_Recorded information_:
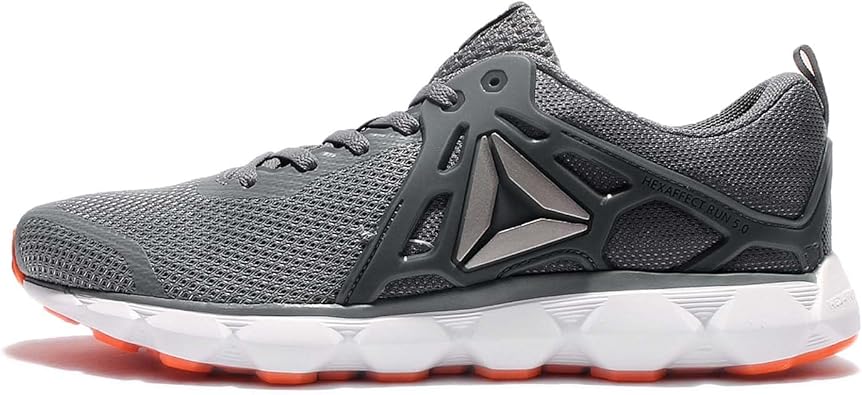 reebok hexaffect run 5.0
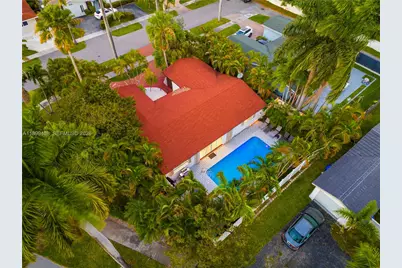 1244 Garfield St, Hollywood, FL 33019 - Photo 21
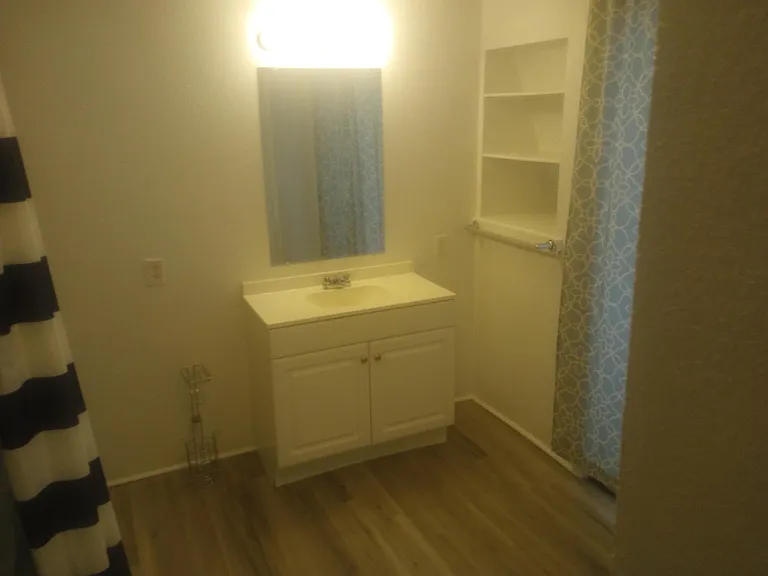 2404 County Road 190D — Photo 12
* * *
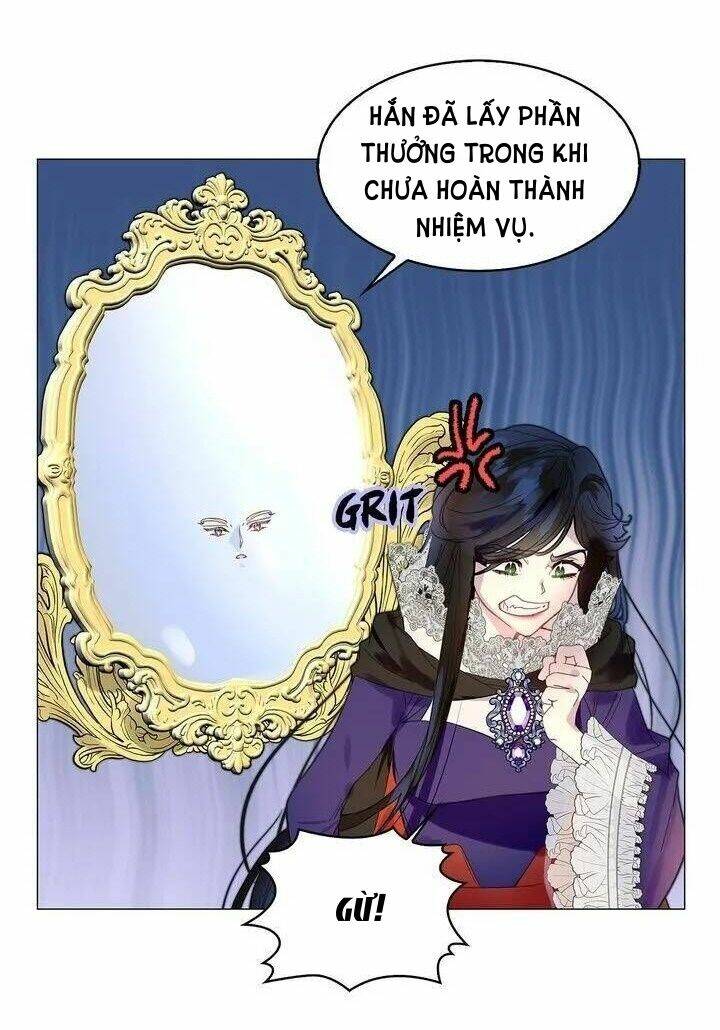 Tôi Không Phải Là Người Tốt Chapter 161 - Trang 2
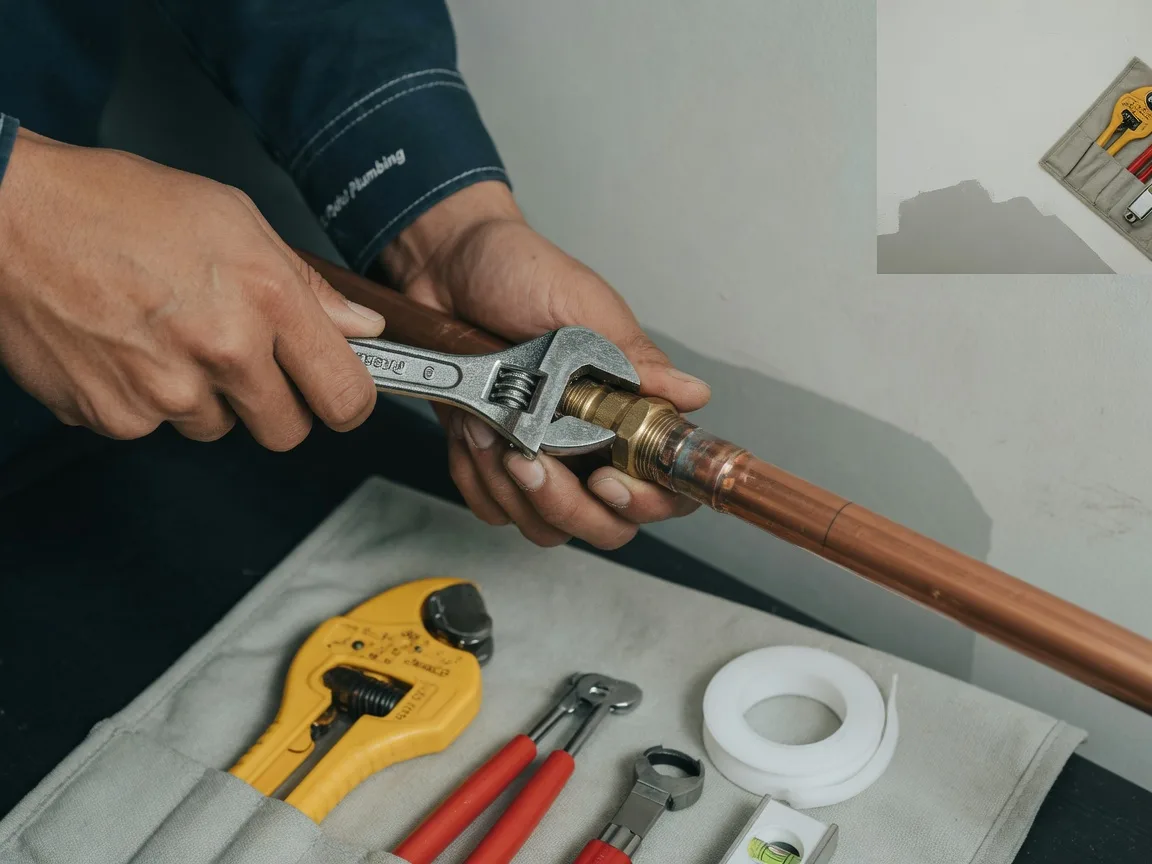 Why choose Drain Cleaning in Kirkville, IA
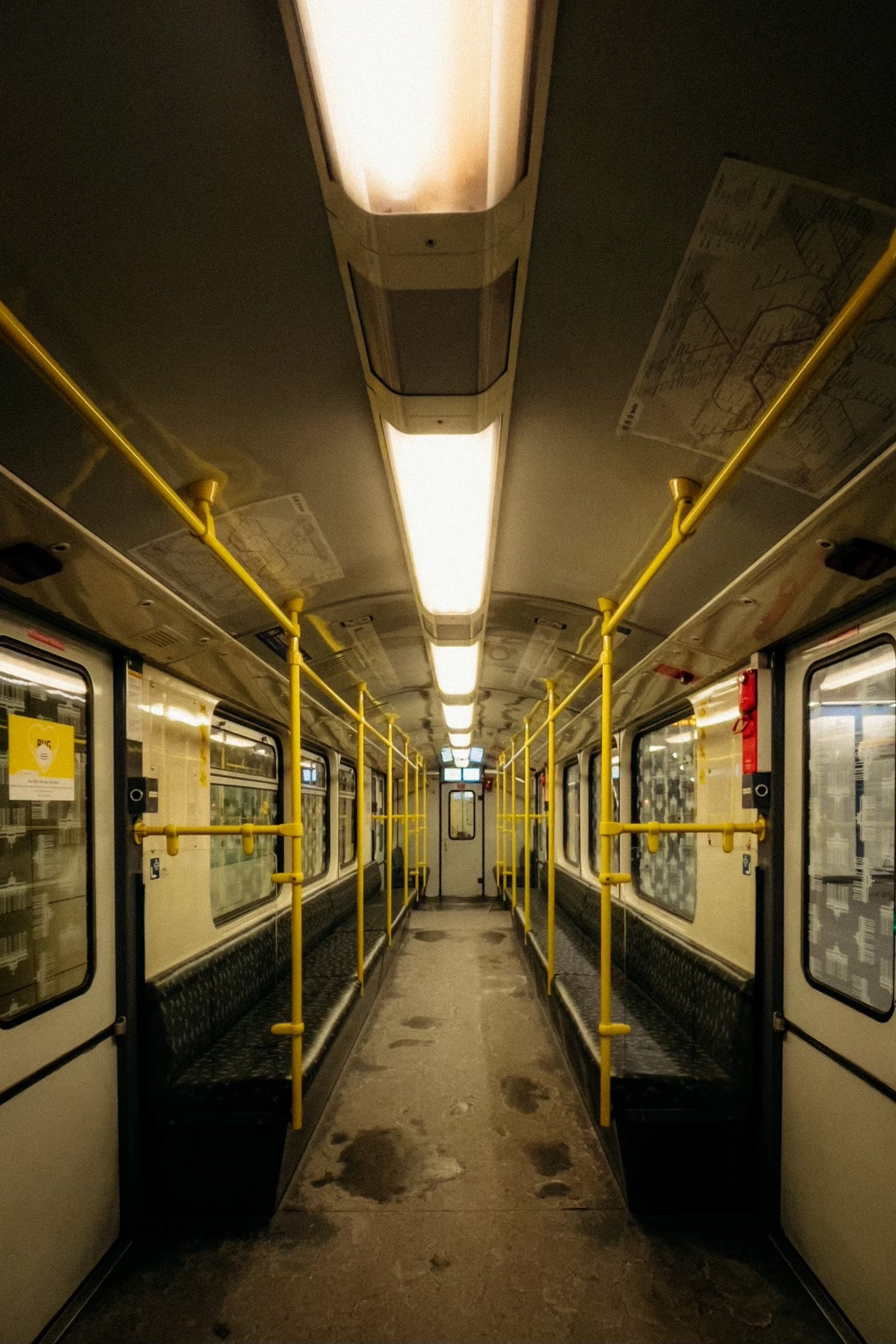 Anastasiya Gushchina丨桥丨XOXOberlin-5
--
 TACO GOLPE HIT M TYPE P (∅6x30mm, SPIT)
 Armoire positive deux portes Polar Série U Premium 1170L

_Problem description_: Print exactly the lines above that run from the one with "reebok hexaffect run 5.0" to the one with "2404 County Road 190D — Photo 12", both included. No pictures.

_Answer to this task_:
 reebok hexaffect run 5.0
 1244 Garfield St, Hollywood, FL 33019 - Photo 21
 2404 County Road 190D — Photo 12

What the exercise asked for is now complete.